NoSQL technologies born to cover a set of new need came out while the traditional database was already mature. Of course in last years application needs changes and became even more discerning (big data, clustering, file repository), so this new storage system was designed keeping in mind these new requirements.
But, what I mean for “requirements”? Here a set of cases that NoSQL is designed to support.
- The application works with a large amount of data (Big Data)
- The application works with data that quickly change relationship and data types (semi-structured, unstructured and polymorphic data).
- Developers work in a small team using agile approach: a lot of small spring against long term waterfall iterations
- Application served as service, may be published on the web,
- Application delivered to thousands of user instead of few people inside the company
- No certain about the future load of application: need to be scalable and dynamic, need base software on a backend cluster easily
There are many NoSQL solutions offered by the market, open-source or not. Each of them works a little bit differently, maybe specializing so some particular need, but the basic idea and the common feature is to offer better scalability and performance. To do this they give up to some features of generic RDBMS, introducing new ones, but keeping enough functionality to be useful.

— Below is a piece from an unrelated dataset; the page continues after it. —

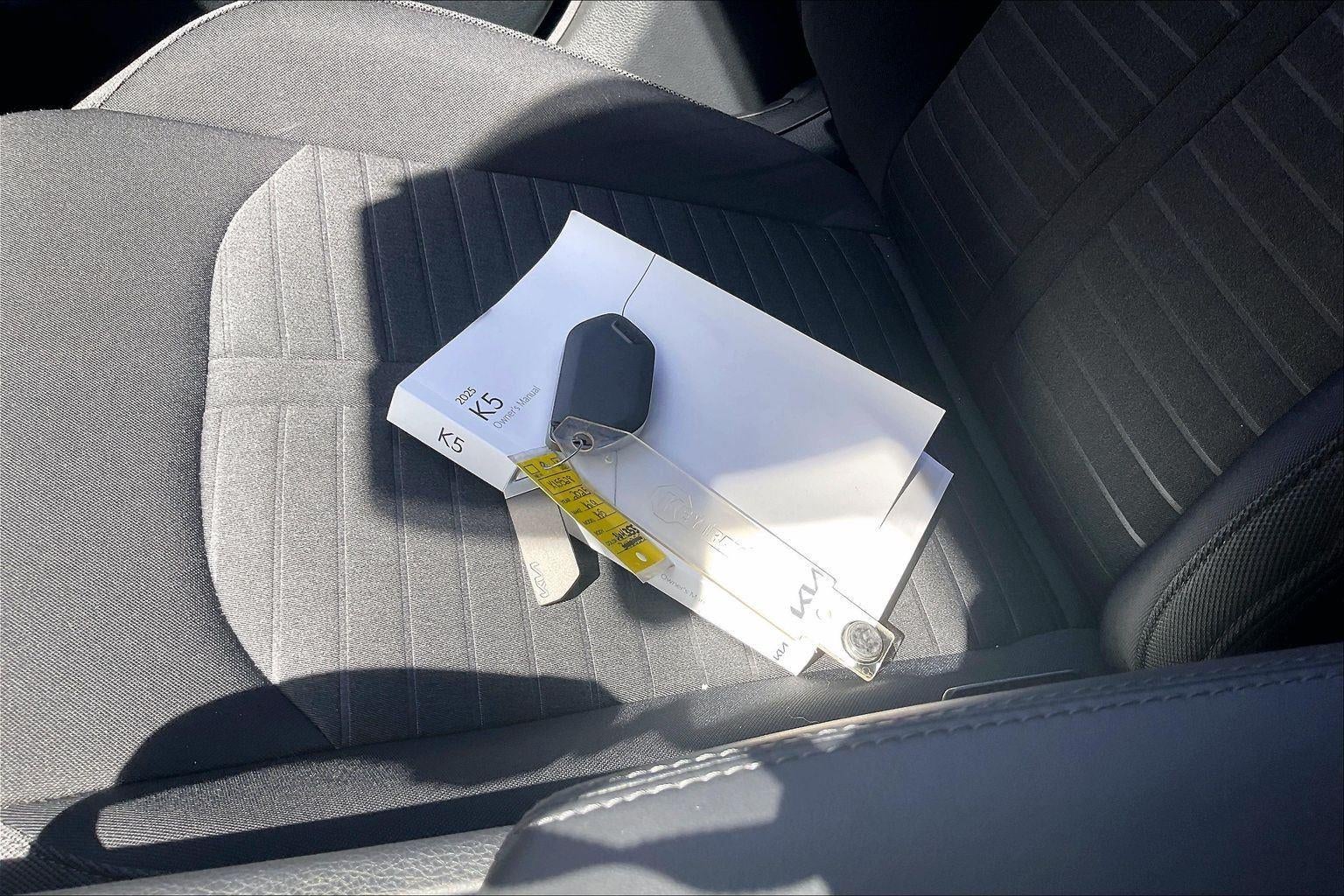 2025 Kia K5 LXS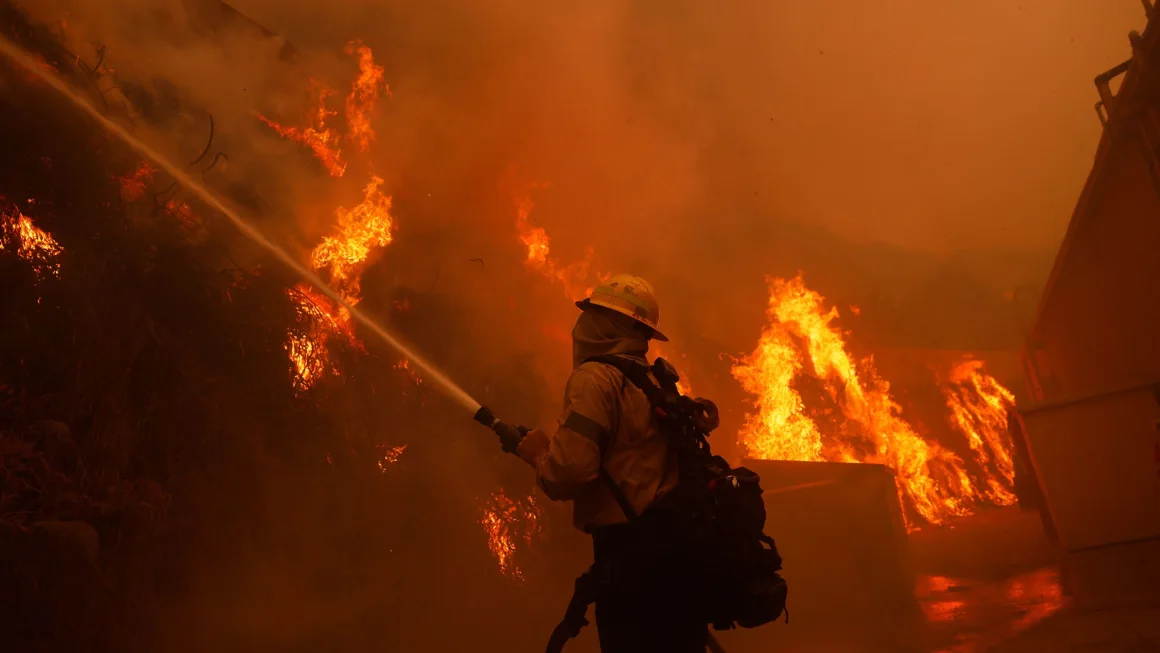 Un bombero lucha contra el avance de un incendio forestal en el barrio de Pacific Palisades de Los Ángeles el martes 7 de enero. Etienne Laurent/AP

One of the breaking changes from SQL DBs is that, meanwhile, SQL backends are a general purpose storage system, NoSQL distribution is focused on a specific kind of data. This allows DBs to be more efficient on their scope and allow to have a more performant system. In this section are reported some kind of NoSQL database to give an idea of what application they have. Note that they can be used together (also with traditional SQL systems) to get the best from all systems.

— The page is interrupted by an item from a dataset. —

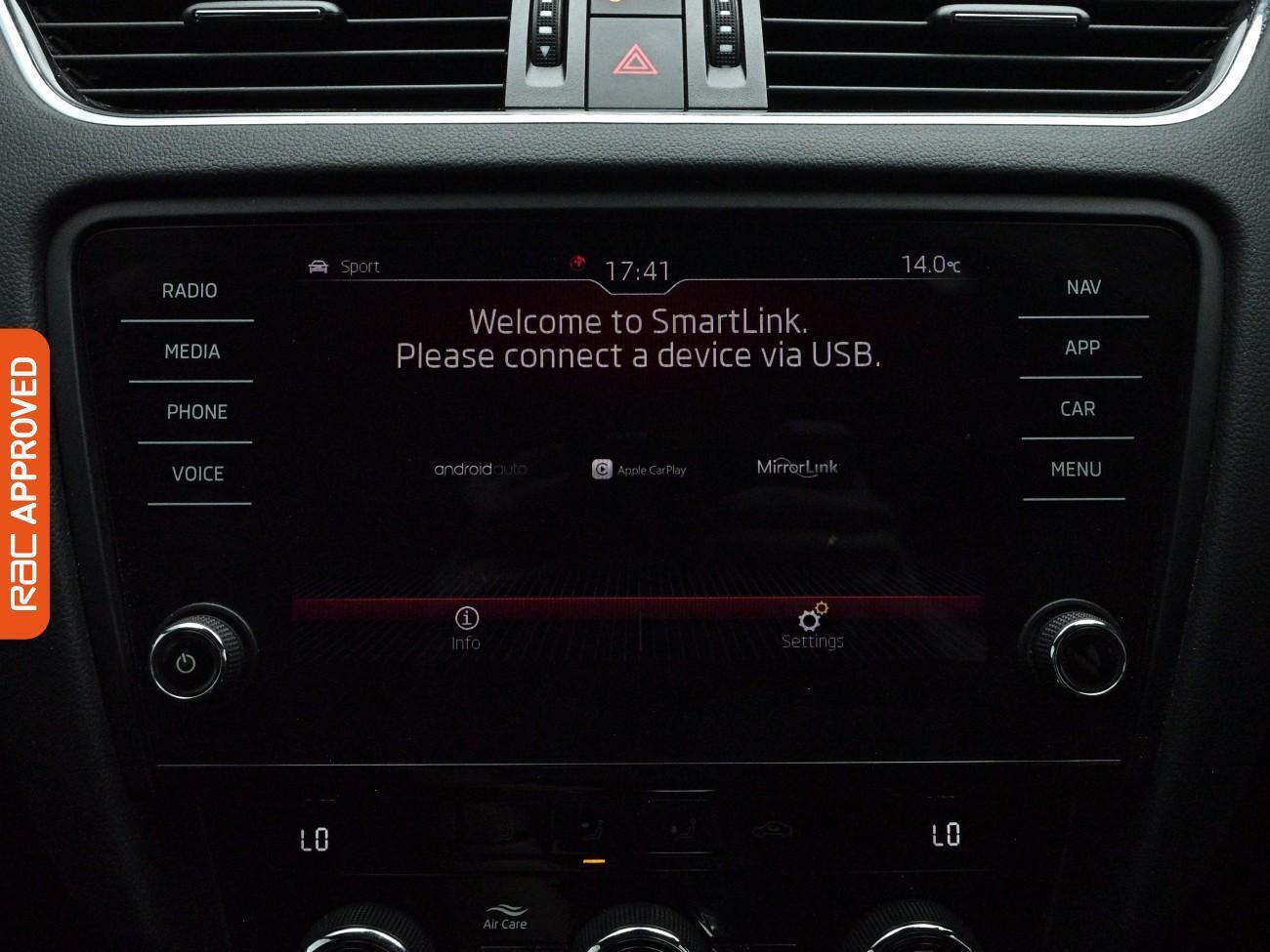 Skoda Octavia view 3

This type of database doesn’t need to have a consistent data structure, so they are useful when you have to work with polymorphic data, or data structure changes constantly. This kind of backend can convert normalized entities like key-value dataset or EAV models to simple documents set.
- Goal: Storage non-typed set of “records”, called “documents”
- Examples: MongoDB, CouchDB
- Target: Heterogeneous data, working object-oriented, agile development
We told NoSQL database removes the concept of relationship to achieve better performance. In this kind of db this is not true. Instead, these databases enforce the concept of relationship.
Their goal is to define data by its relation with other data. This kind of database can be useful when most of the data structure is designed to keep the relationship with entities (i.e.. if you have a lot of tables when there are mostly foreign keys columns).
- Goal: describe data relations
- Examples: Neo4j, GiraffeDB.
- Target: Data Mining
This is a kind of db designed to store a big amount of key-value pair data. This can be useful when the database is used to store properties, translations, or caching purpose.
- Goal: Store data in the key-value form
- Examples: Redis, Cassandra, MemcacheDB
- Target: key-value storage
Advantages of NOSQL
We are aware that NoSQL db has some interesting advantages and they can resolve easily simple problems that traditional RDMS can’t. Nowadays their large employment in a critical system, like big cloud systems and some large Saas product, confirm they are mature and useful. But question is, why I should move to them? And in this case, when the move is profitable? We can’t base such kind of decision only on our impression, and read some vendor brochure where it’s granted that NoSQL is very cool is not enough. Moreover, we cannot stay on an inadequate platform just because we fear the change.
In this chapter, I’ll try to explain why this solution could be good enough to move on it and what use case make it more profitable.
As we said NoSQL databases were created in response to the limitations of traditional relational database technology. This means we will find some improvement, or better, some feature that in traditional RDBMS are not present and can’t be added, even if the producer would implement them.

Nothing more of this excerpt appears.